Exhibition

Wolfgang Tillmans

Date
Vernissage 24.11.2015 18:00
Curator Michal Škoda
Admission free

4PM Tuesday, 24 Nov. – ARTIST’S LECTURE

at DK Metropol – Small Stage – Senovážné náměstí 248/2, 37001 České Budějovice.

Wolfgang Tillmans Harvard Astrophysics Institute / European Southern Observatory, 2012

Wolfgang Tillmans
Harvard Astrophysics Institute / European Southern Observatory, 2012

             

CURATOR: MICHAL ŠKODA

The Gallery of Contemporary Art and Architecture at the České Budějovice House of Art closes the year with the first-ever Czech exhibition by artist Wolfgang Tillmans.

Tillmans, a German artist who has long lived in London, is considered one of the most influential and respected photographers of his generation. He first came to public attention in the early 1990s, when he began to present his works not only through museums and galleries but also through more ephemeral ways such as newspapers, magazines, postcards and posters, which allowed him to reach an audience outside the art world. Indeed his first photographs, the now-legendary series Lutz and Alex, were published in i-D magazine in 1992 shortly before he presented them at the Unfair art fair in Cologne.

In his gallery exhibitions, his interest has been focused on pictures as objects within space, working with his now typical form of presentation in which he prints his photographs at various sizes using various techniques. He works with composition in such a way as to create multi-part units that he installs across the surface of the walls, all the while taking into account the specific qualities of the exhibition space and the context of the particular exhibition.

Tillmans’ work for magazines and newspapers, which he does not separate from his art but considers to be an equally valid platform of representation, explores the photograph as a bearer of content and easily transported medium. He consciously works with visuality and its hierarchization, and does not differentiate between showy and hypothetically insignificant motifs. From his point of view, he shows that things of the most diverse origins can contain different possible meanings. We thus find ourselves in a situation where spontaneous (e.g., snapshot) photography has the same value as a carefully considered work of art. The seemingly fragmented nature of images depicting visual reality offers us a general reference point in terms of both form and content.

Wolfgang Tillmans, who in the year 2000 became the first non-British artist to win the prestigious Turner Prize, is capable of using practically any material for his photographs. His interest ranges from everyday objects to the poetics of life and burning socio-political issues. In order to increase his images’ impact, he prints them in a wide range of sizes from monumental formats all the way down to the dimensions of a postage stamp.

The photographs themselves are often perfectly processed but not rarely betray signs of imperfections that may have occurred during the creative moment. The presence of such imperfections can be understood to be mean that the only things that matter are the photographer’s eye and his mind. Tillmans’ exhibitions usually feel like a set of sensations (fragments of consciousness) tracing the journey through life.

In the diversity of Wolfgang Tillmans’ work – abstraction, the use of various technological methods, and works of an emotive nature – we find one commonality, and that is a romantic view of the world. In a text written for Tillmans’ exhibition at London’s Serpentine Gallery, H. U. Obrist writes that Tillmans “was originally raised as a Lutheran in the small town of Remscheid, not far from Cologne, and although his work could hardly be described as religious, it feels strongly and constantly touched by displaced forms of piety, morbidity and spiritual yearning.”

Another evident characteristic of Tillmans’ work is his interest in the images’ source materials, in diverse meanings, and in the complicated nature of the real world besides poetry and intimacy.
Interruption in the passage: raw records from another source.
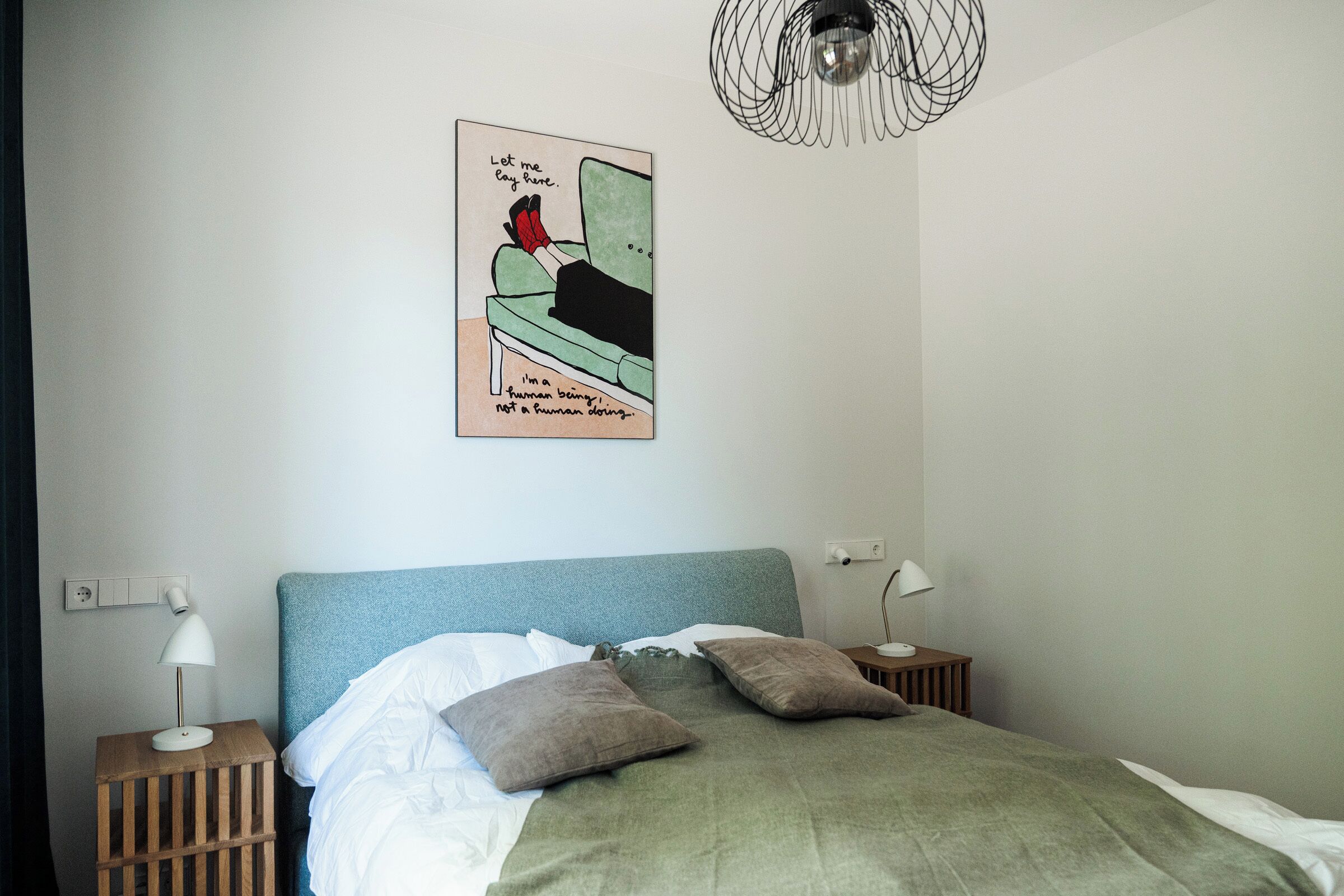 Un dormitorio con una cama, dos mesitas de noche, una lámpara de pared, una obra de arte en la pared y un aplique de techo.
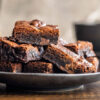 Et fat med brownies står foran en mokkakanne og en kaffekopp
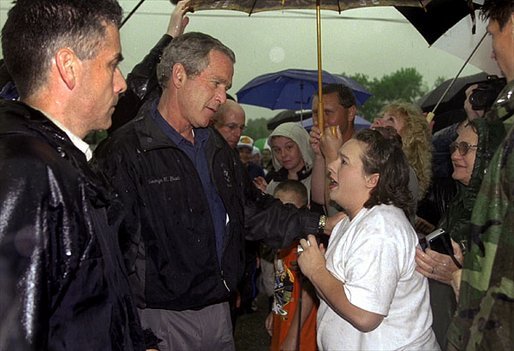 Listening to the story of how a tornado swept through their town, President George W. Bush meets one-on-one with residents during his walking tour of Pierce City, Mo., Tuesday, May 13, 2003. White House photo by Susan Sterner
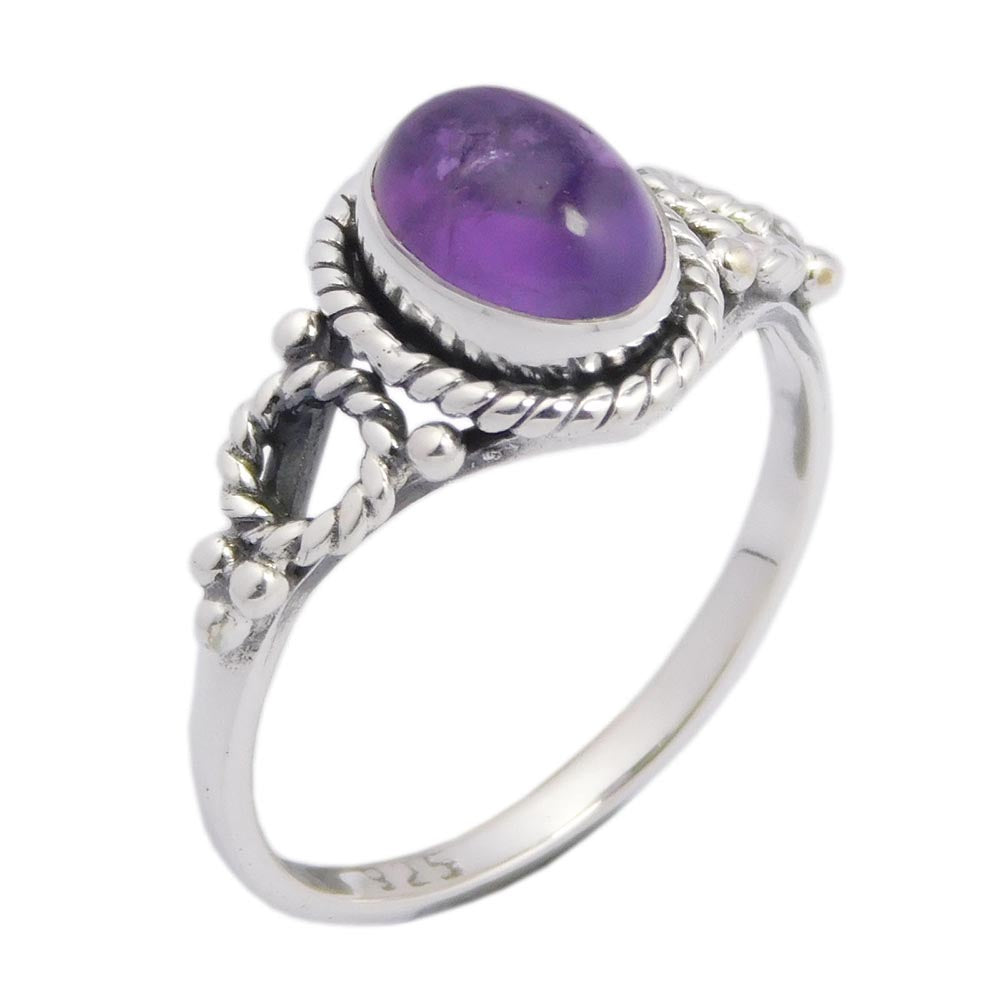 Ring Amethyst Oval Raised Cabochon Stone With Rope Style Border And Bobble Design At The Sides. Approx Weight Is 9 Grams 925 Sterling Silver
He engages in analytical processes that explore the possibilities of photography and life itself. His work gives us insight into the mind of an artist who emphasizes the socio-political dimension of his humanist way of seeing.

In his exhibition at the Gallery of Contemporary Art and Architecture at the České Budějovice House of Art, Wolfgang Tillmans will present his photographic and design work for magazines and newspapers alongside his “typical” framed / unframed c-type and inkjet prints in various sizes.

The exhibition is held with support from the Czech Ministry of Culture and IFA Stuttgart, and in collaboration with Buchholz Gallery – Berlin/Cologne.